With two close friends on the team and plenty of insight about the program, the choice became clear for Mills.
“I really trust their opinion, and knowing that they both loved it here and they both love the team and the coaches, I felt very comfortable with the decision,” Mills said.
But before committing to Northeastern, she had only been on campus once: Saturday, March 16, 2019, when Cornell beat Northeastern, 3-2, in the opening round of the NCAA Tournament.
“The memories I have here are kind of funny, but there’s no animosity or anything like that,” Mills said.
Mills said the game has come up a few times, but only in that context — that she hadn’t seen Northeastern’s campus, let alone Matthews Arena, any other time before committing.

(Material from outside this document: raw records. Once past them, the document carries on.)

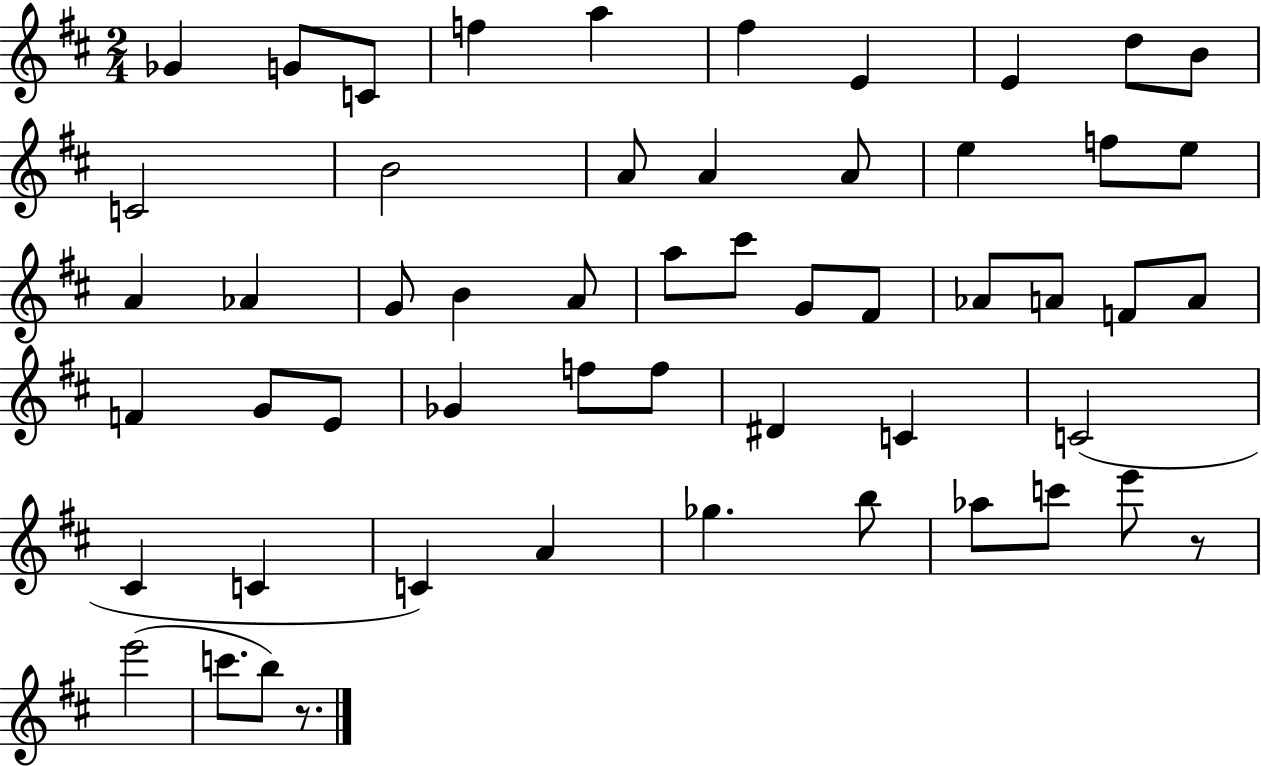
{
  \clef treble
  \numericTimeSignature
  \time 2/4
  \key d \major
  \repeat volta 2 { ges'4 g'8 c'8 | f''4 a''4 | fis''4 e'4 | e'4 d''8 b'8 | \break c'2 | b'2 | a'8 a'4 a'8 | e''4 f''8 e''8 | \break a'4 aes'4 | g'8 b'4 a'8 | a''8 cis'''8 g'8 fis'8 | aes'8 a'8 f'8 a'8 | \break f'4 g'8 e'8 | ges'4 f''8 f''8 | dis'4 c'4 | c'2( | \break cis'4 c'4 | c'4) a'4 | ges''4. b''8 | aes''8 c'''8 e'''8 r8 | \break e'''2( | c'''8. b''8) r8. | } \bar "|."
}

“I think she’s happy to actually get to walk around the rink and be on the ice more than just that one time,” Frankel said.
The transition between teams when transferring is significantly different than coming in as a freshman, both Mills and Murphy, who transferred to Northeastern from Providence last year, noted. But there are still a few similarities.
“I forgot what it’s like to be a freshman and not know anything and need to ask like 100 questions about stupid things,” Mills said.
But Mills emphasized the difference in terms of personal growth: how knowing who you are, being more confident in yourself, and not wavering from those beliefs when you join a new team is beneficial.
That confidence is strengthened by this new Northeastern team that’s very easy to be yourself on, Mills added.
“I can just be who I want to be on this team,” Mills said. “This group was really, really good about that. Everyone can just be who you want, and I think I’m more comfortable with that now that I’m a fifth-year.”
The positive culture of this team reflects in its ambition. Bringing a national championship to Matthews Arena is the top goal this year and the only logical next step for the program. That ambition comes with a desire to never be complacent, as, for the second year in a row, the Huskies brought in a high-profile transfer to their forward group — first Murphy, now Mills.
“She’s going to make our top six even stronger,” Flint said of Mills. “Even if it’s just for one year, we’re lucky to have her.”
573 days later, Mills is ready to take the ice again, this time as a Husky.
“I personally will do whatever the heck I need to do in order to achieve the team’s goals,” Mills said.